The baggage being stowed in safety, Mr. Archibald handed Jeanie out of the carriage, and, not without some tremor on her part, she was transported through the surf and placed in the boat. He then offered the same civility to his fellow-servant, but she was resolute in her refusal to quit the carriage, in which she now remained in solitary state, threatening all concerned or unconcerned with actions for wages and board-wages, damages and expenses, and numbering on her fingers the gowns and other habiliments, from which she seemed in the act of being separated for ever. Mr. Archibald did not give himself the trouble of making many remonstrances, which, indeed, seemed only to aggravate the damsel’s indignation, but spoke two or three words to the Highlanders in Gaelic; and the wily mountaineers, approaching the carriage cautiously, and without giving the slightest intimation of their intention, at once seized the recusant so effectually fast that she could neither resist nor struggle, and hoisting her on their shoulders in nearly a horizontal posture, rushed down with her to the beach, and through the surf, and with no other inconvenience than ruffling her garments a little, deposited her in the boat; but in a state of surprise, mortification, and terror, at her sudden transportation, which rendered her absolutely mute for two or three minutes. The men jumped in themselves; one tall fellow remained till he had pushed off the boat, and then tumbled in upon his companions. They took their oars and began to pull from the shore, then spread their sail, and drove merrily across the firth.
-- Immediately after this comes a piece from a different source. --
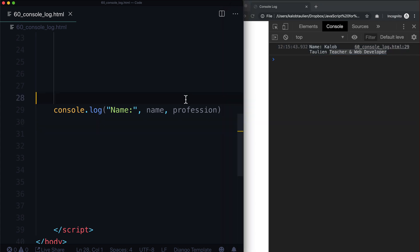It's like: here's an alert — click. Okay, here's another alert — click. Okay, here's another alert — click. And it just gets a little monotonous, a little too much, especially as you start writing more and more code.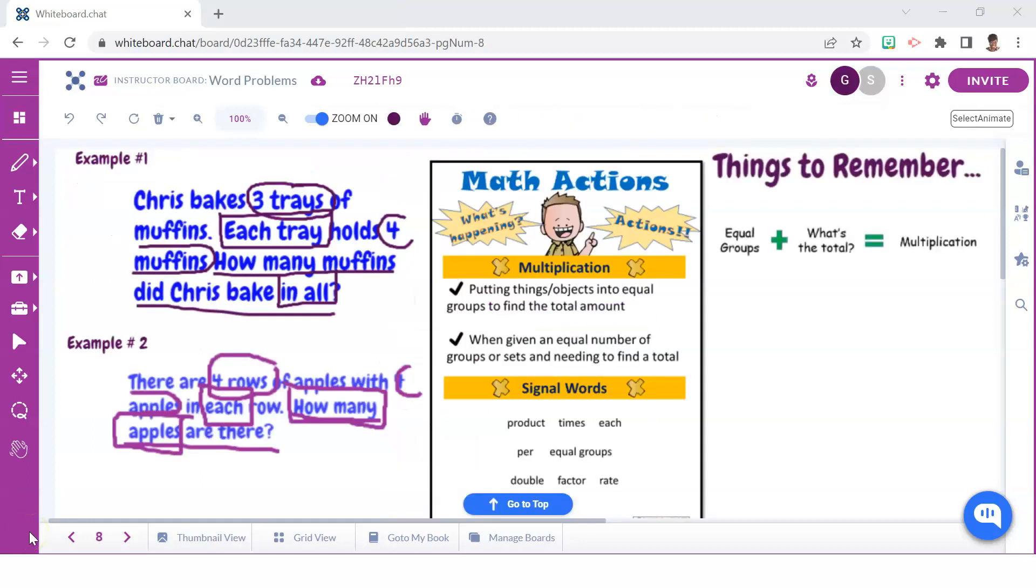Here are a few things to keep in mind when it comes to identifying multiplication word problems. One criteria is that the problem will describe that objects are in equal groups or rows. As you can see in these two examples, the expressions each tray or each row signals that objects are grouped into equal amounts.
“You Scotch villain!” said the infuriated damsel to Archibald, “how dare you use a person like me in this way?”
“Madam,” said Archibald, with infinite composure, “it’s high time you should know you are in the Duke’s country, and that there is not one of these fellows but would throw you out of the boat as readily as into it, if such were his Grace’s pleasure.”
“Then the Lord have mercy on me!” said Mrs. Dutton. “If I had had any on myself, I would never have engaged with you.”
“It’s something of the latest to think of that now, Mrs. Dutton,” said Archibald; “but I assure you, you will find the Highlands have their pleasures. You will have a dozen of cow-milkers under your own authority at Inverary, and you may throw any of them into the lake, if you have a mind, for the Duke’s head people are almost as great as himself.”
“This is a strange business, to be sure, Mr. Archibald,” said the lady; “but I suppose I must make the best on’t.—Are you sure the boat will not sink? it leans terribly to one side, in my poor mind.”